PROBLEM DETAILS: Look below for the line that has "Inside view of"; output exactly from it through the line that has "Ultra-Thin Flat Top", and leave the pictures out.

RECORD SET:

= Beginning of Section =

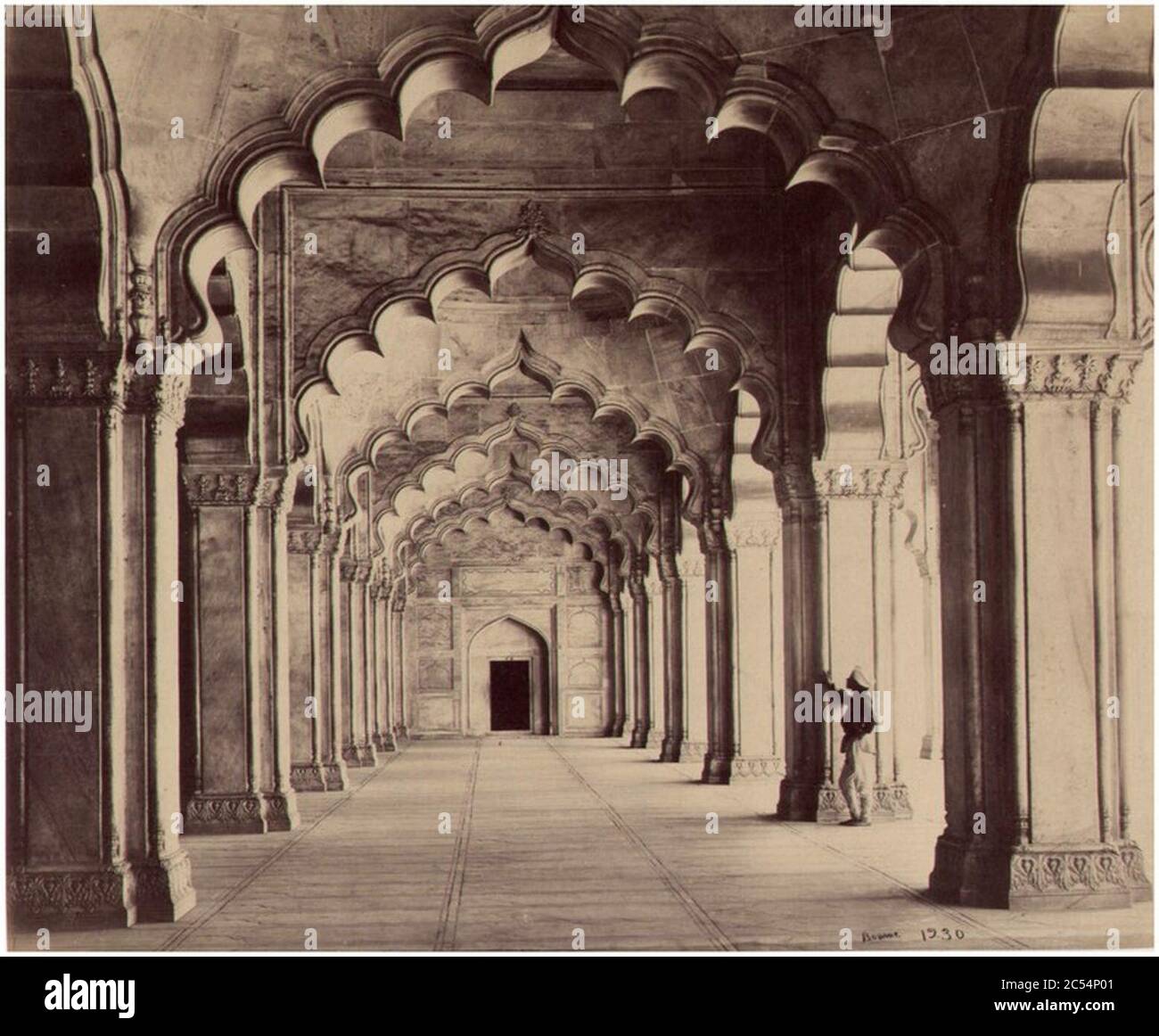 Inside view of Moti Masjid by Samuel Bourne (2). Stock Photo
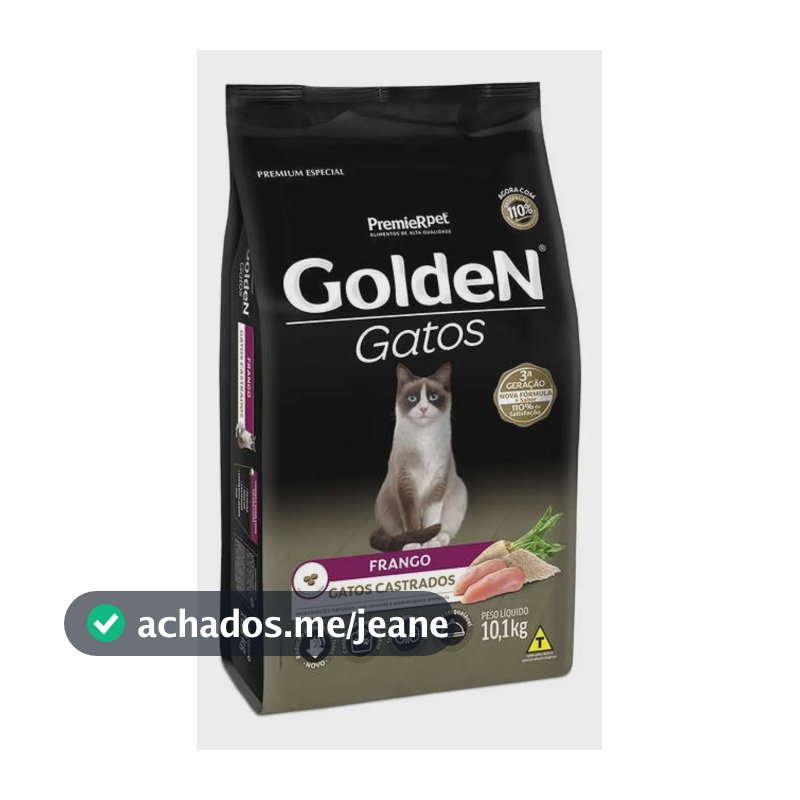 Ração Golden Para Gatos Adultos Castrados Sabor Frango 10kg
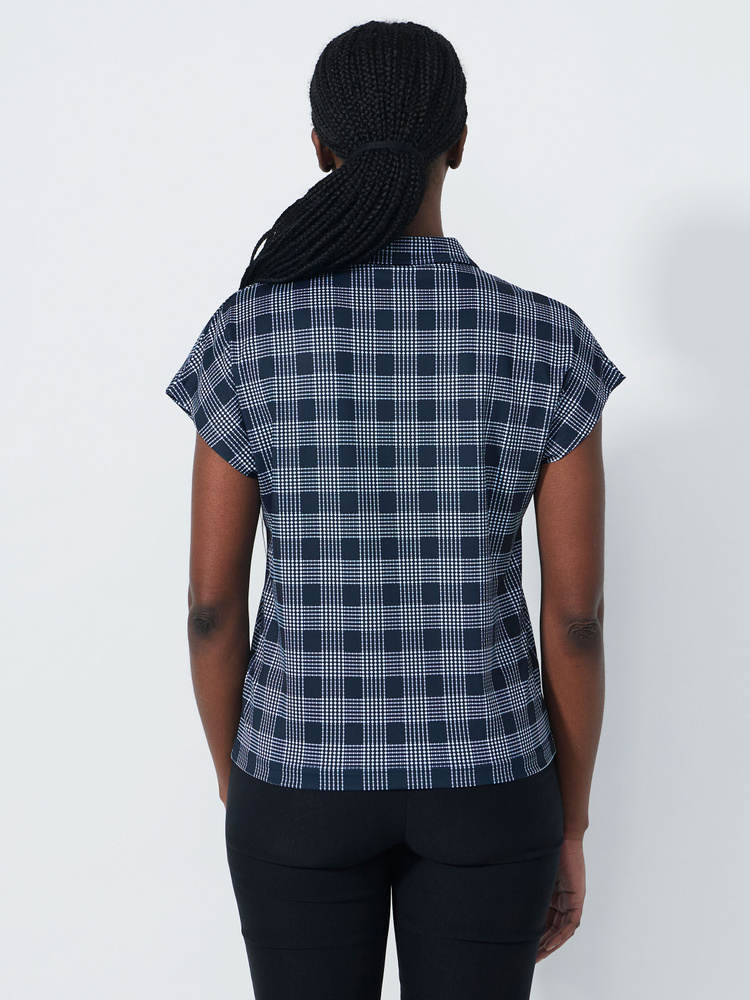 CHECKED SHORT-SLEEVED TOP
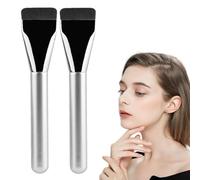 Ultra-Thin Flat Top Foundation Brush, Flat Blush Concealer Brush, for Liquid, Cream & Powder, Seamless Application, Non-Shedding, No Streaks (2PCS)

= End of Section =
= Beginning of Section =

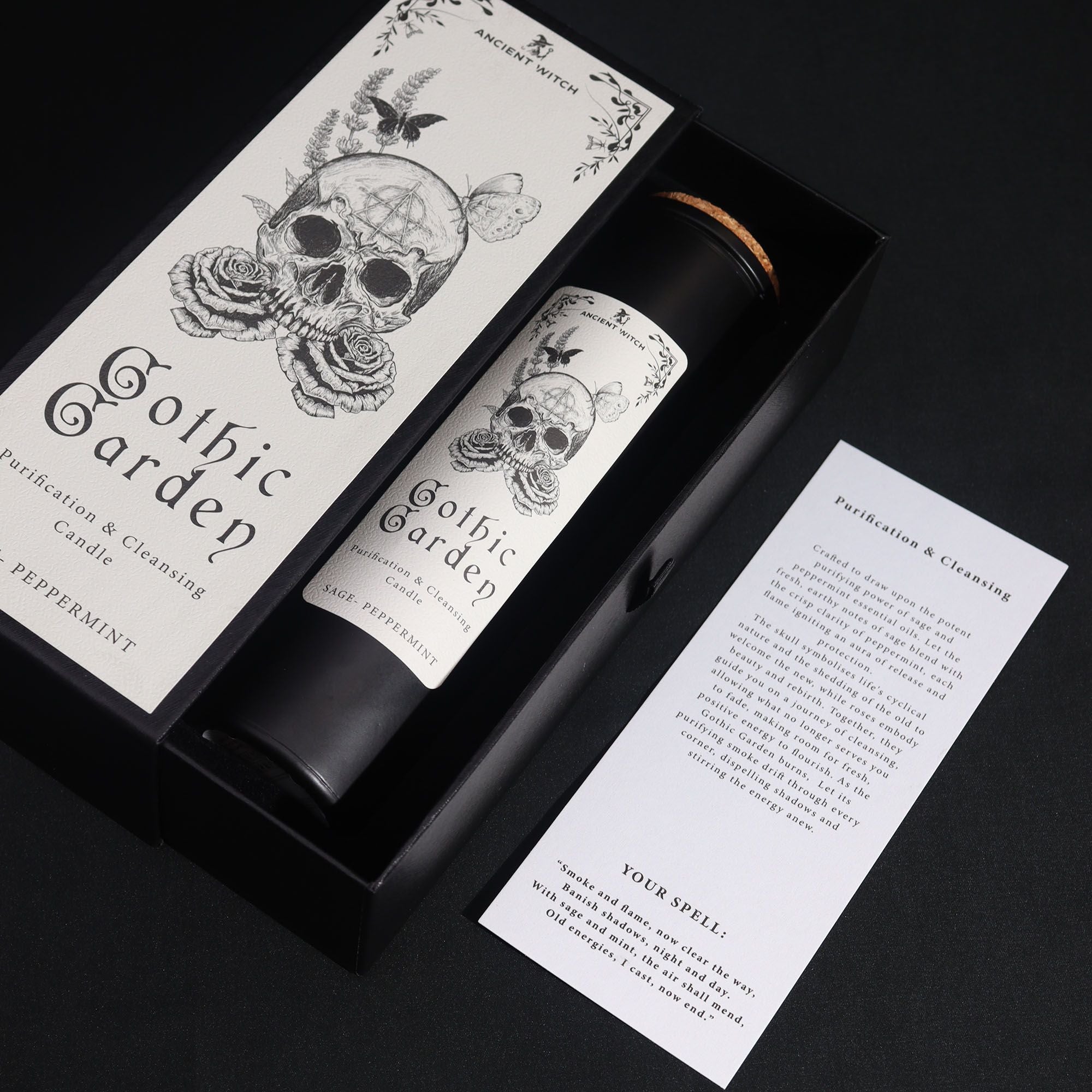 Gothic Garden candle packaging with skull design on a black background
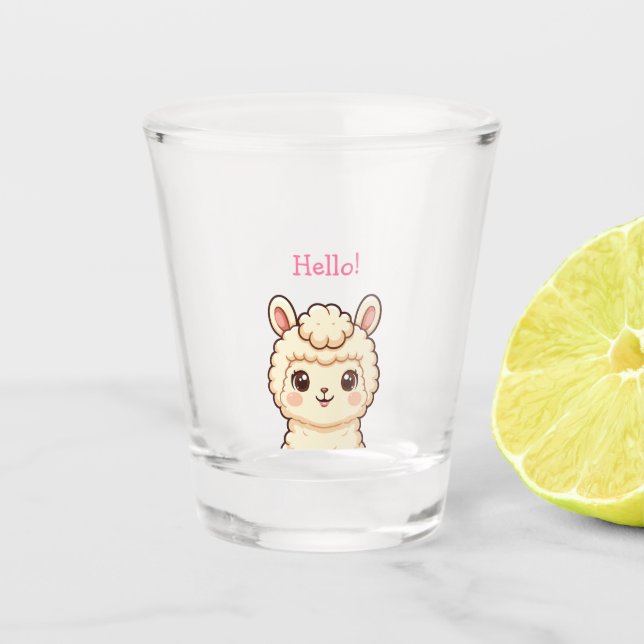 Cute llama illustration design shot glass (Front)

= End of Section =

TASK RESULT:
 Inside view of Moti Masjid by Samuel Bourne (2). Stock Photo
 Ração Golden Para Gatos Adultos Castrados Sabor Frango 10kg
 CHECKED SHORT-SLEEVED TOP
 Ultra-Thin Flat Top Foundation Brush, Flat Blush Concealer Brush, for Liquid, Cream & Powder, Seamless Application, Non-Shedding, No Streaks (2PCS)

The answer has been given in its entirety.